--- How to complete this task ---
From the data below, return only the lines from the one with "vidaXL Set de" through the one with "A sleek submarine", exact and inclusive, with pictures left out.

--- Data for analysis ---
------------------------

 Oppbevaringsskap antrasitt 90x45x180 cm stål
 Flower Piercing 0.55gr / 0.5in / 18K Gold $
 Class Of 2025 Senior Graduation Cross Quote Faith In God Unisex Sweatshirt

------------------------

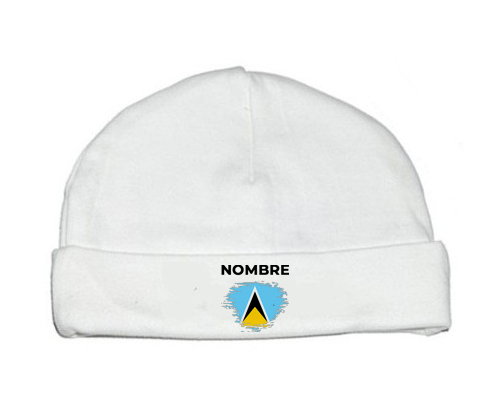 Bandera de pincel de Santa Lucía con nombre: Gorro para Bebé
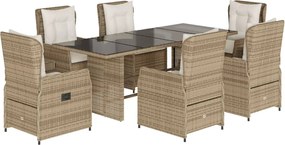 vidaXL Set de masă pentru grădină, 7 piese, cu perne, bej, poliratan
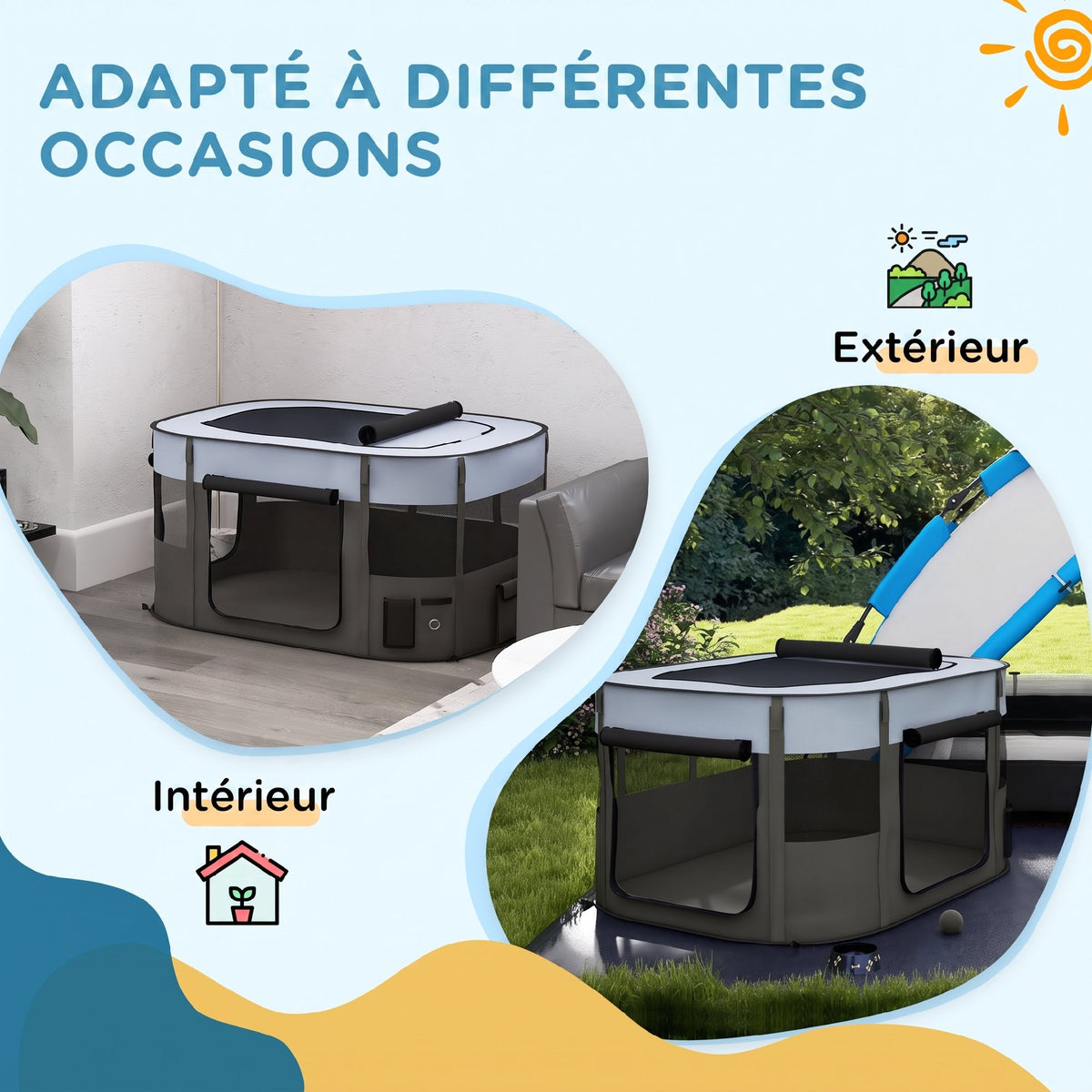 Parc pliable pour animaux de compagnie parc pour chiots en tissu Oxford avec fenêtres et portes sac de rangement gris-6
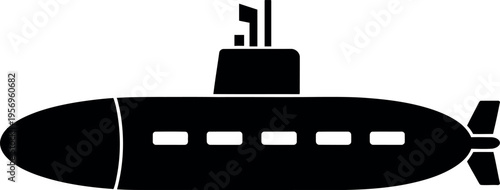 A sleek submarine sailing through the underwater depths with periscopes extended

------------------------

--- Result ---
 vidaXL Set de masă pentru grădină, 7 piese, cu perne, bej, poliratan
 Parc pliable pour animaux de compagnie parc pour chiots en tissu Oxford avec fenêtres et portes sac de rangement gris-6
 A sleek submarine sailing through the underwater depths with periscopes extended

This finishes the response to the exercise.